Ukrainian forces are making a major effort to punch through Russian defensive lines in south-east Ukraine for a second day, Moscow officials have claimed.
Kyiv authorities did not confirm the attacks and suggested the claim was a Russian misinformation ruse.
Vladimir Rogov, a Moscow-installed official in south-east Ukraine’s partly occupied Zaporizhzhia province, said fighting resumed there early on Monday after Russian defences beat back a Ukrainian advance the previous day.
Mr Rogov claimed that “the enemy threw an even bigger force into the attack than yesterday”. The new attempt to break through the front line was “more large-scale and organised,” he said, adding: “A battle is under way.”
His comments came after Moscow also claimed to have thwarted large Ukrainian attacks in eastern Donetsk, another of the four regions that President Vladimir Putin claimed as Russian territory last autumn and which it partially controls.
Russia’s Defence Ministry claimed it had pushed back a “large-scale” assault on Sunday at five points in Donetsk province.
The claims could not be independently verified, and Ukrainian officials did not confirm any assaults, but the reports fuelled speculation that a major Ukrainian ground operation could be under way as part of an anticipated counter-offensive.
A video published by the Ukrainian Defence Ministry showed soldiers putting a finger to their lips in a sign to keep quiet. “Plans love silence,” it said on the screen. “There will be no announcement of the start.”
The Centre for Strategic Communications of the Armed Forces of Ukraine said on Telegram that Russian forces were “stepping up their information and psychological operations”.
“In order to demoralise Ukrainians and mislead the community (including their own population), Russian propagandists will spread false information about the counter-offensive, its directions and the losses of the Ukrainian army.
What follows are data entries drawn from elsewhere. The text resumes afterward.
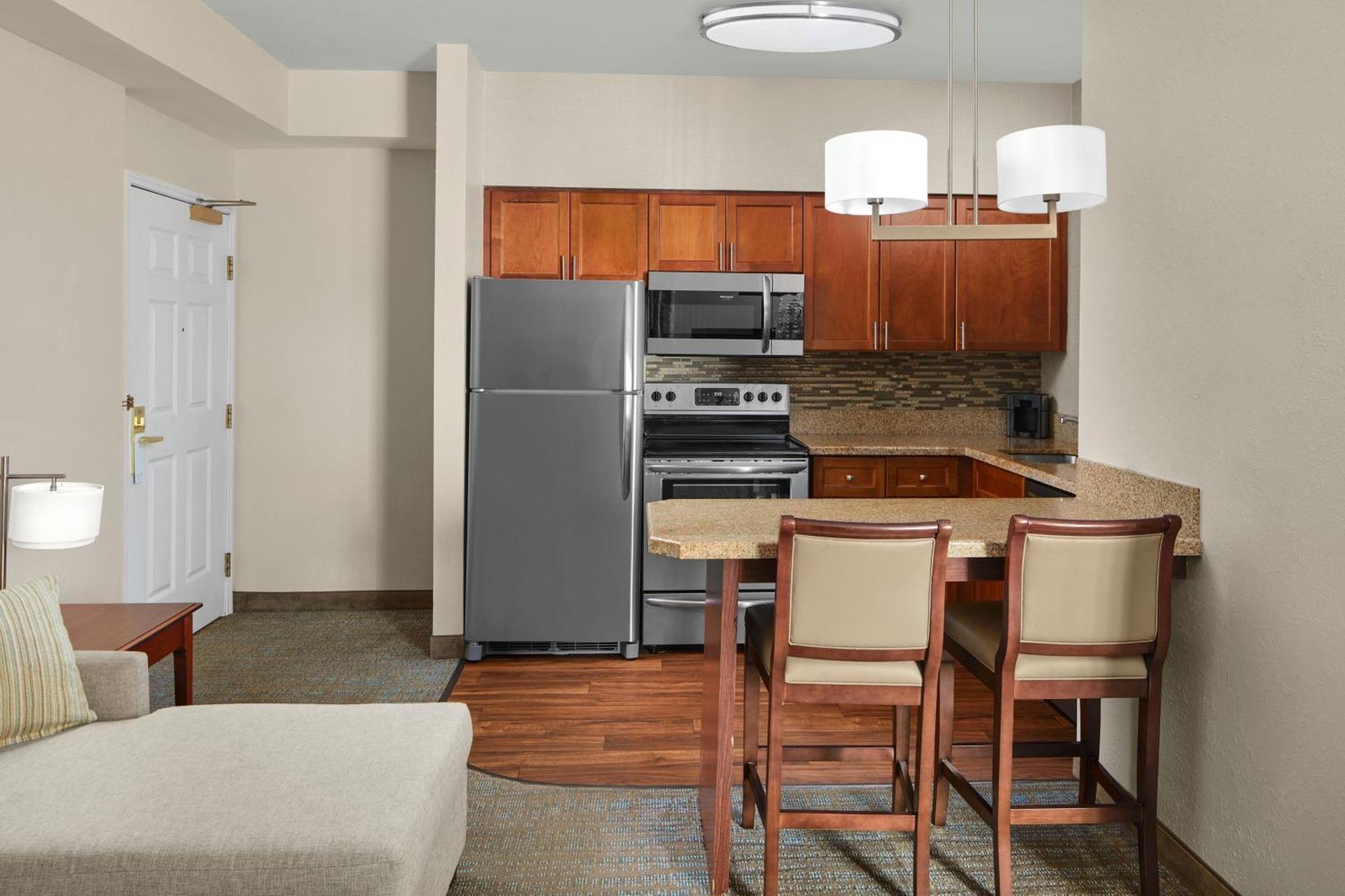 Residence Inn By Marriott Charleston Mt. Pleasant Mount Pleasant Eksteriør billede
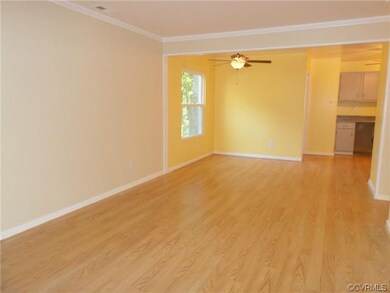 Light and bright open floor plan living! Another v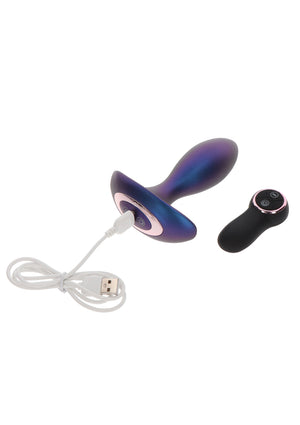Jouet anal ToyJoy The Brave Vibrating Anal Plug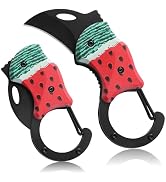 VR VIRENKNIFE Small Pocket Knife for Women Men,Cute Folding Knife Box Cutter,Mini EDC Knives for ...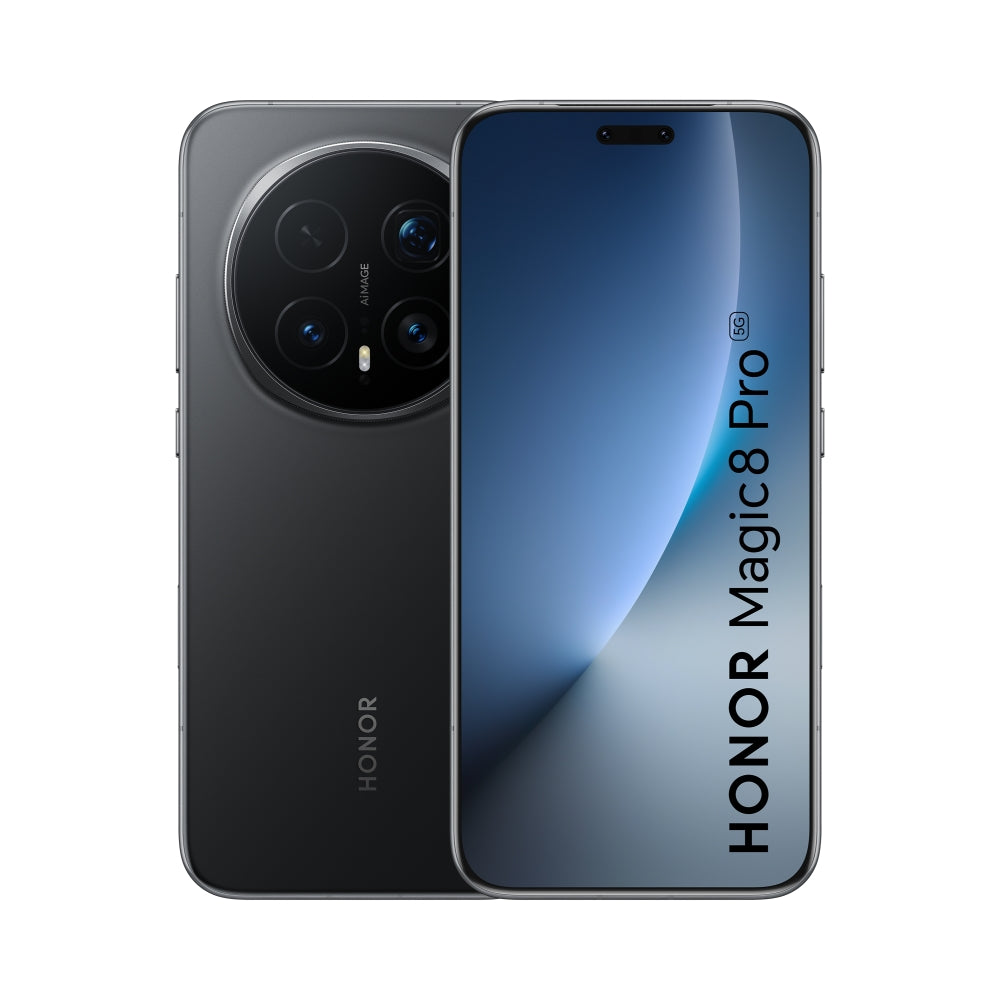Мобилен телефон Honor Magic8 Pro Black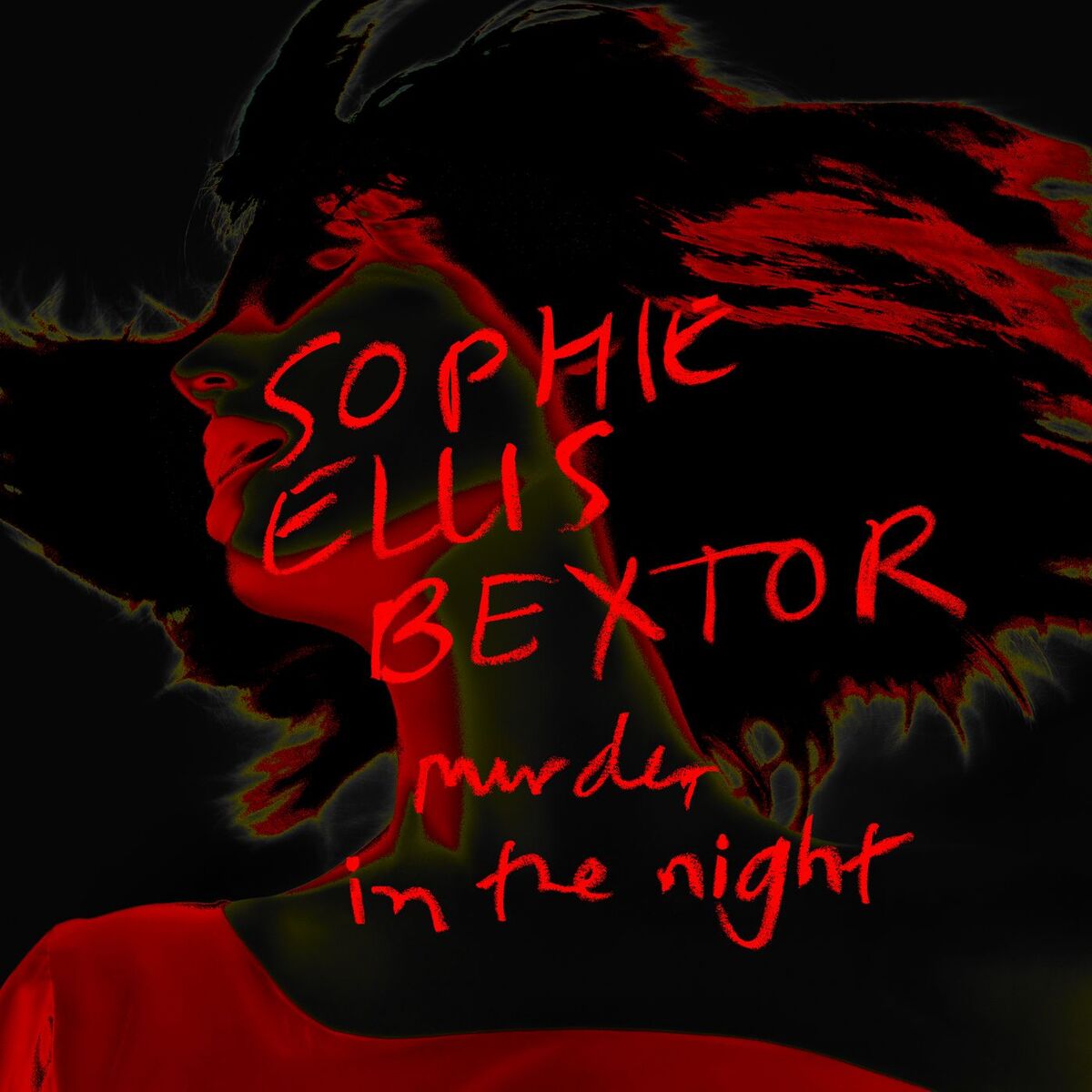 Album cover of Murder In The Night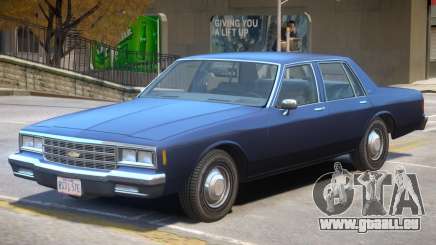 1985 Chevrolet Impala für GTA 4
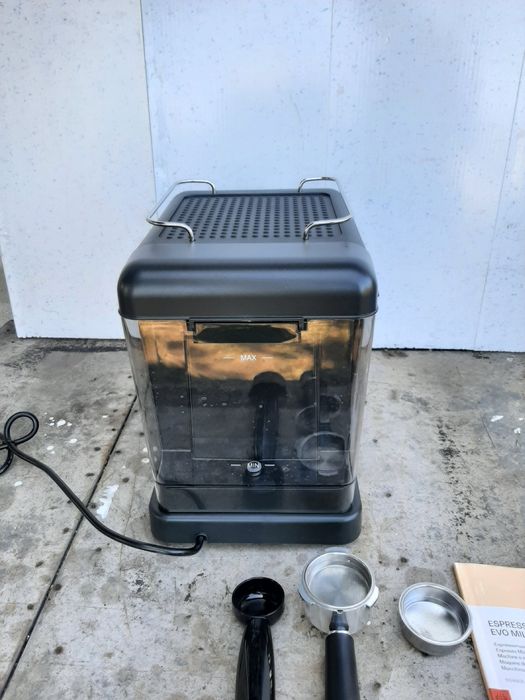 Кофеварка Klarstein Espressionata Evo 19 бар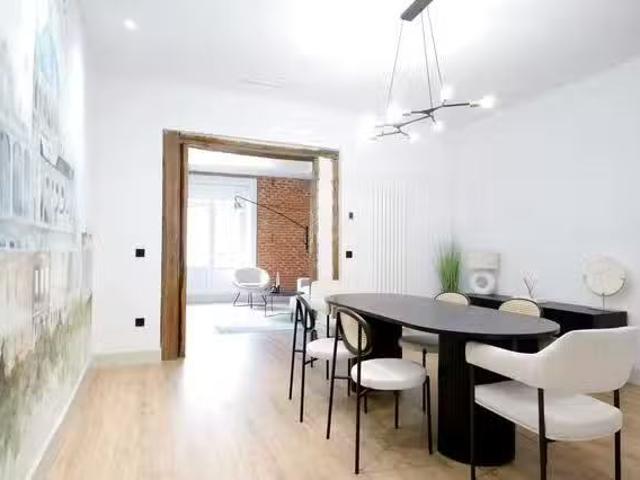 Piso de 1 habitación en Calle de la Amnistía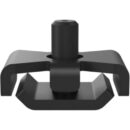 Panduit PWBSPLBL Wire Basket Bolted Style Splice, Black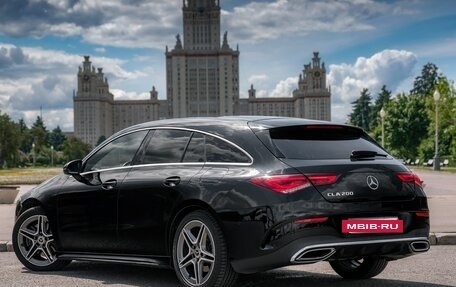 Mercedes-Benz CLA, 2019 год, 2 800 000 рублей, 5 фотография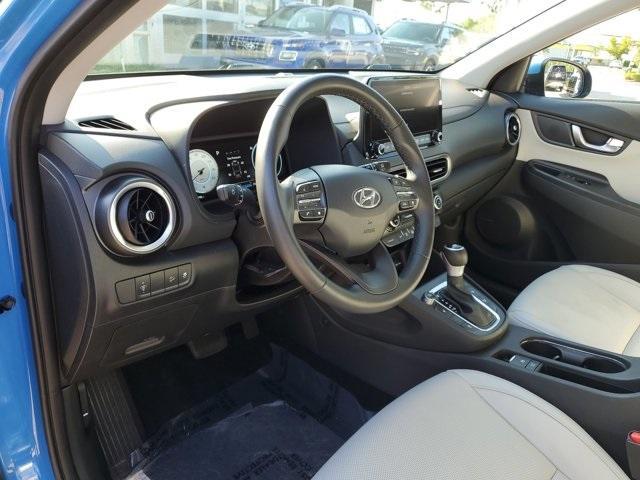 used 2022 Hyundai Kona car, priced at $21,988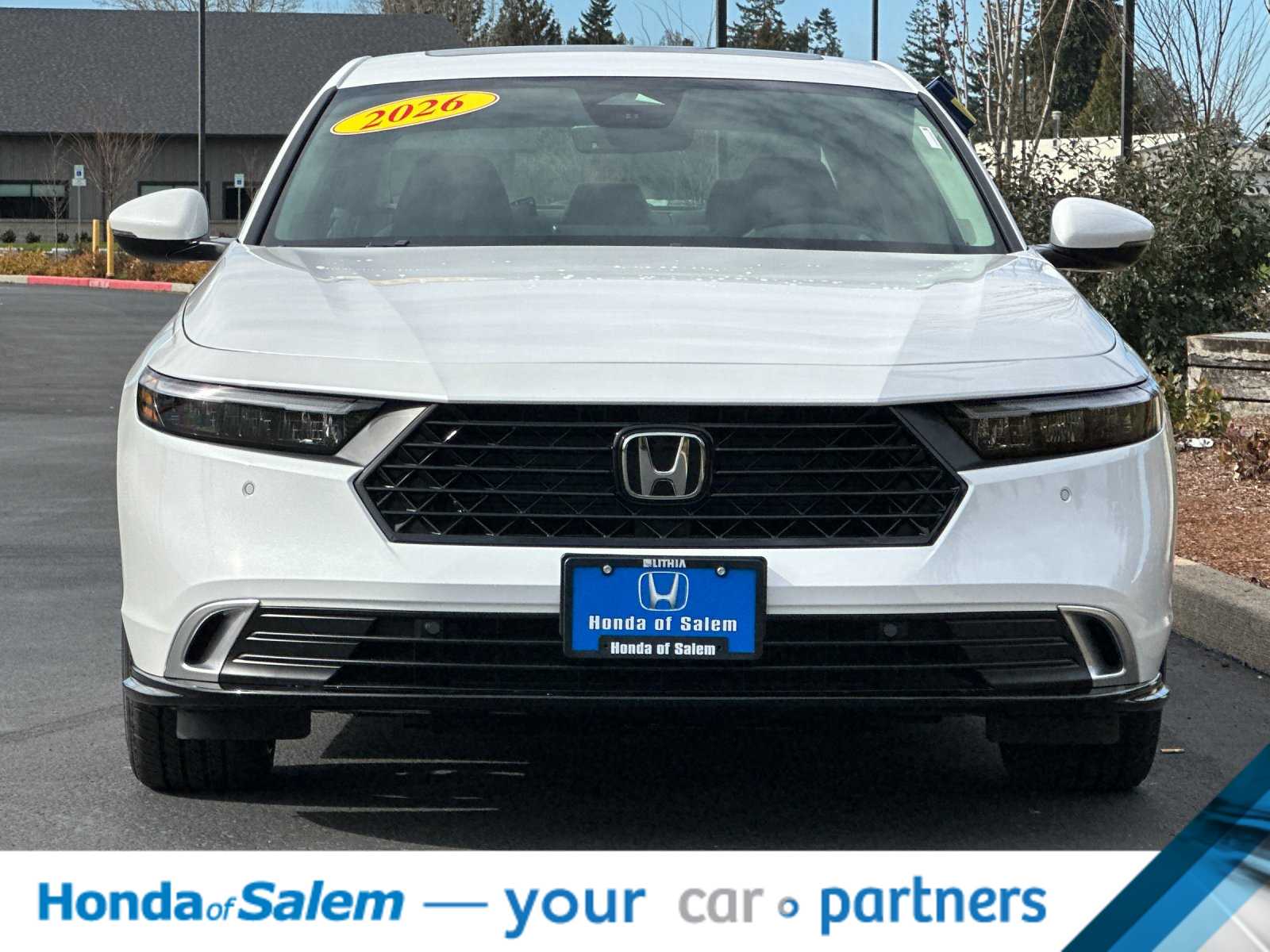 Thumbnail: 2026 Honda Accord - 10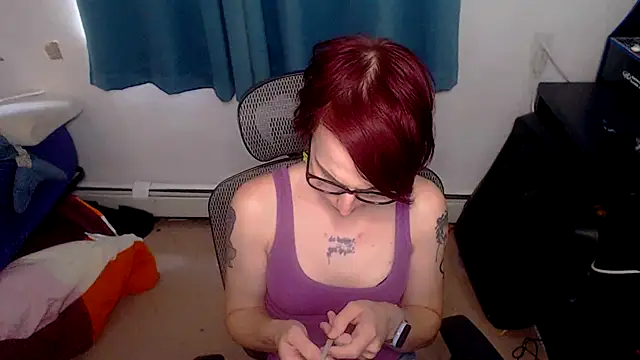 Snapshot of RyffBurnz chatting on 09/22/25, 06:54 RyffBurnz online show from 09/22/25, 06:54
Even if there is no counter-offensive,” a statement on Telegram read.
Ukrainian officials have kept Russia guessing about when and where it might launch a counter-offensive, or even whether it had already started.
A possible counter-offensive, using advanced weapons supplied by Western allies, could provide a major morale boost for Ukrainians 15 months after Russia’s full-scale invasion.
Recent military activity, including drone attacks on Moscow, cross-border raids into Russia and sabotage and drone attacks on infrastructure behind Russian lines, has unnerved Russians. Analysts say those actions may represent the start of the counter-offensive.
Driving out the Kremlin’s forces is a daunting challenge. Russia has built extensive defensive lines, including trenches, minefields and anti-tank defences. The front line stretches for 684 miles.
Ukraine could launch simultaneous pushes in different areas, analysts say.
Michael Clark, the former head of the Royal United Services Institute think tank, said the “increased tempo” of activity in recent weeks likely marked the start of the counter-offensive and that June is likely to see the start of Ukraine’s ground operation.
“There’s something going on,” he told the BBC.
Russian Defence Ministry spokesman Igor Konashenkov claimed that 250 Ukrainian personnel were killed in the fighting in Donetsk province, and 16 Ukrainian tanks, three infantry fighting vehicles and 21 armoured combat vehicles were destroyed.
“The enemy’s goal was to break through our defences in the most vulnerable, in its opinion, sector of the front,” Mr Konashenkov said. “The enemy did not achieve its tasks. It had no success.”